Tak jest np. na alei Piłsudskiego w rejonie Planetarium. Pan Robert mieszka i pracuje przy ul. Narutowicza. Aby się tam dostać, musi przejechać fragment przebudowywanej alei Piłsudskiego. Nie ma na niej asfaltu, jest tylko utwardzona nawierzchnia gruntowa. Niestety – na początku tygodnia – pan Robert uszkodził sobie na niej samochód.
Próbowałem dostać się do ulicy Narutowicza, niestety najechałem na głaz, który był ukryty pod cienką warstwą piasku. Samochód się zawiesił. Pojechałem do warsztatu, okazało się, że został wyrwany układ wydechowy, połamały się też plastikowe elementy podwozia
– opisuje pan Robert.
Koszt naprawy wstępnie wyceniono na kilka tysięcy złotych.
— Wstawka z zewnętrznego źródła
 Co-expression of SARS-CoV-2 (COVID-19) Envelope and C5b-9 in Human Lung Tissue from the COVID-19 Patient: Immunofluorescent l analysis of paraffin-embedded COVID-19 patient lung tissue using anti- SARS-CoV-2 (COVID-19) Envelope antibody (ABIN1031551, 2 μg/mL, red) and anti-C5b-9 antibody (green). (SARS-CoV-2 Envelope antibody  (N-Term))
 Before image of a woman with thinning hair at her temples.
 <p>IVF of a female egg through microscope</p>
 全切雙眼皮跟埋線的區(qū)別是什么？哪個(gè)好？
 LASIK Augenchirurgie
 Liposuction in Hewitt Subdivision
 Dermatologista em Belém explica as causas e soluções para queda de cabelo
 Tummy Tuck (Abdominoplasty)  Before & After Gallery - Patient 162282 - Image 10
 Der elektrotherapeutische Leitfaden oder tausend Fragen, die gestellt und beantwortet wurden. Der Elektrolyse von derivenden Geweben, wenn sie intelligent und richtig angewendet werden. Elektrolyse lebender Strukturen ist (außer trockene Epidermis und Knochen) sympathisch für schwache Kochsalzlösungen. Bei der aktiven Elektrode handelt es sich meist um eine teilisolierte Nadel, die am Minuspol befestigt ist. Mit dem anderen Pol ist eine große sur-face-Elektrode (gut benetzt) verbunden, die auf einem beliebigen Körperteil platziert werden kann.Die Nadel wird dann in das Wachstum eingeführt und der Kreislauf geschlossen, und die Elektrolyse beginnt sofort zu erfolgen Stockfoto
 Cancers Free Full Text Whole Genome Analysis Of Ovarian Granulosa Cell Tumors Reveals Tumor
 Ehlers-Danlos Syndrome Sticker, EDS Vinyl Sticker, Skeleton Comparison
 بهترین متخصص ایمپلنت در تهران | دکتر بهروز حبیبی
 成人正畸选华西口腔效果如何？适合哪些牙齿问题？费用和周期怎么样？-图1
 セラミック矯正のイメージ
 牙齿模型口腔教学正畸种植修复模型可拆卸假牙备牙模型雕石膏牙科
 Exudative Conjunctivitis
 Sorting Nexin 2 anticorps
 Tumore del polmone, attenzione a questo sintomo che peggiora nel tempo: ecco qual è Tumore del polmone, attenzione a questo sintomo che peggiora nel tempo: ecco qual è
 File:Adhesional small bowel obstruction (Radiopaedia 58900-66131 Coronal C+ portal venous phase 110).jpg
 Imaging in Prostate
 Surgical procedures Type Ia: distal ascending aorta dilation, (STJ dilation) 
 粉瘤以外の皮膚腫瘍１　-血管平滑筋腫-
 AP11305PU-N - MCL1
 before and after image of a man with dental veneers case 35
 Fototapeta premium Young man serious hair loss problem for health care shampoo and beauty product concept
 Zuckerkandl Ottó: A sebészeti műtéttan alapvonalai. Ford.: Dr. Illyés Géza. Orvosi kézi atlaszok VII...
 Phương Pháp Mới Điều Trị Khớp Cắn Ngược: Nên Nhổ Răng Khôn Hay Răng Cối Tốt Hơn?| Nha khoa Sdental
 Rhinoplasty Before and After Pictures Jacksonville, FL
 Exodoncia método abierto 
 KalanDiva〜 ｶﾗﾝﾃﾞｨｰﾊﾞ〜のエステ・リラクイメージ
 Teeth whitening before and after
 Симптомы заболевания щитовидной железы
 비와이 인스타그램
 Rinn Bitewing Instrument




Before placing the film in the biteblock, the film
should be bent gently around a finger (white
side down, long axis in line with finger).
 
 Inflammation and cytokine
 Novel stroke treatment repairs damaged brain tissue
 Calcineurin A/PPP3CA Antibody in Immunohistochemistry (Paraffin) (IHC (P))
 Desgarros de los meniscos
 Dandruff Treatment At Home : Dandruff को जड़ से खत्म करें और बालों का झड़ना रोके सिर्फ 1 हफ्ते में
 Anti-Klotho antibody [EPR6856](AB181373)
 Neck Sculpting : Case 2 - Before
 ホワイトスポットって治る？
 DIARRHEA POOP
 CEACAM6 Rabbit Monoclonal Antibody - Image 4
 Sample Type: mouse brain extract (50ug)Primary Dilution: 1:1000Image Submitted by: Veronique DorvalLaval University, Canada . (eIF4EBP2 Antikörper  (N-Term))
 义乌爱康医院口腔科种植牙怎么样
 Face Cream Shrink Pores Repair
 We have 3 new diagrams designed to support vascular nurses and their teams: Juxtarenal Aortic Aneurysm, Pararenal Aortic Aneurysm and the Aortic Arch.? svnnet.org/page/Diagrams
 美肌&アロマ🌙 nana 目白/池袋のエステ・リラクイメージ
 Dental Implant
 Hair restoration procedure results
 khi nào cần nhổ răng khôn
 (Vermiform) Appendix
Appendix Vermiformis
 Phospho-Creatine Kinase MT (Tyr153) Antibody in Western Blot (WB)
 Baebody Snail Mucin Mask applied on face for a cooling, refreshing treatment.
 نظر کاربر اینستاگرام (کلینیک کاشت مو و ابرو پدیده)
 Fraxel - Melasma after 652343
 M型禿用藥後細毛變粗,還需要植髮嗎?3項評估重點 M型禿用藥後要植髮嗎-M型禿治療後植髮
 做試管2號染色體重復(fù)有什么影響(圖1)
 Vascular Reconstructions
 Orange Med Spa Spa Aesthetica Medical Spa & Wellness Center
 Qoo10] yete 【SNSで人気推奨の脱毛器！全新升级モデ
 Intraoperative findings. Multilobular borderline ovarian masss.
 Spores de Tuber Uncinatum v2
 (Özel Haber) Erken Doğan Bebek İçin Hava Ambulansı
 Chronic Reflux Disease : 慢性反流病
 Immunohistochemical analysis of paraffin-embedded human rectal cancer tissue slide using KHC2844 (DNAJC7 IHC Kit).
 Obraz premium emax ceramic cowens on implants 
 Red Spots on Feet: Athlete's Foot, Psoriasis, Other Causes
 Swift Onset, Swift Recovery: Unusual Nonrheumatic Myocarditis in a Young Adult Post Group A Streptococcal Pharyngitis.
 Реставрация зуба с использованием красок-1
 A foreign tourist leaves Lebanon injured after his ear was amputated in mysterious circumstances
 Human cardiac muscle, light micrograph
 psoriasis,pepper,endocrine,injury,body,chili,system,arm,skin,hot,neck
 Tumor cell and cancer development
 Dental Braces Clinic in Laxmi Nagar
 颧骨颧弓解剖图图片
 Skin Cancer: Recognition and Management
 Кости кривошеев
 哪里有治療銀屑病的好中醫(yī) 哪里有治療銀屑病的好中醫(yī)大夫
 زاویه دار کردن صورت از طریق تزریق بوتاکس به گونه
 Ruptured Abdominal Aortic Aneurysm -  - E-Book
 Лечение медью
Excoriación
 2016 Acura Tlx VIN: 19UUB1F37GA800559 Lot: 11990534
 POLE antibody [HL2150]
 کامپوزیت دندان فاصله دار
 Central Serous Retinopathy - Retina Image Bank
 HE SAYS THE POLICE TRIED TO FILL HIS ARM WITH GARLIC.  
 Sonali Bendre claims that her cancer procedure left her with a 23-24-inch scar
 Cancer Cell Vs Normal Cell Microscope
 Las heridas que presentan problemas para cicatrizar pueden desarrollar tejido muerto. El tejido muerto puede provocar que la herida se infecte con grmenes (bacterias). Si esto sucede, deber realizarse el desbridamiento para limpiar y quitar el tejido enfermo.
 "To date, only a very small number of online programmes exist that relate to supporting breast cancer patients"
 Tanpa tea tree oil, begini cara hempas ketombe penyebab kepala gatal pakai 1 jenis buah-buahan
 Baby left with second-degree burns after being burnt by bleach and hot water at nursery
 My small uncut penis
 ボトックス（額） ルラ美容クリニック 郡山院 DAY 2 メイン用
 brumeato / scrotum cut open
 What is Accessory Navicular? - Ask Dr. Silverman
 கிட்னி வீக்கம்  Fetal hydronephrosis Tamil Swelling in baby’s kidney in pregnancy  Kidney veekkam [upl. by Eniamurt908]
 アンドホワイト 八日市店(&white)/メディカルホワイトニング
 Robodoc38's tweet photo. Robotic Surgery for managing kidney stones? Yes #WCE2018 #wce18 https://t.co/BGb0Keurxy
Pan Robert wezwał policję, zrobił zdjęcia i teraz będzie wnioskował o odszkodowanie. Zazwyczaj, jeśli kierowca uszkodzi sobie auto na miejskiej drodze, o pieniądze może zwrócić się do Zarządu Dróg, Zieleni i Transportu w Olsztynie. Jednak w przypadku tymczasowych dojazdów przez ulicę będącą tymczasowym placem budowy, właściwy adresat jest nieco inny.
Jeśli szkoda miała miejsc na terenie prac związanych z inwestycją tramwajową, taka osoba zostanie skierowana do wykonawcy inwestycji, który wraz z przejęciem danego terenu przejął także odpowiedzialność za jego utrzymanie i przyjmuje roszczenia w przypadku ewentualnych szkód powstałych na terenie budowy
– wyjaśnia Michał Koronowski z Zarządu Dróg, Zieleni i Transportu.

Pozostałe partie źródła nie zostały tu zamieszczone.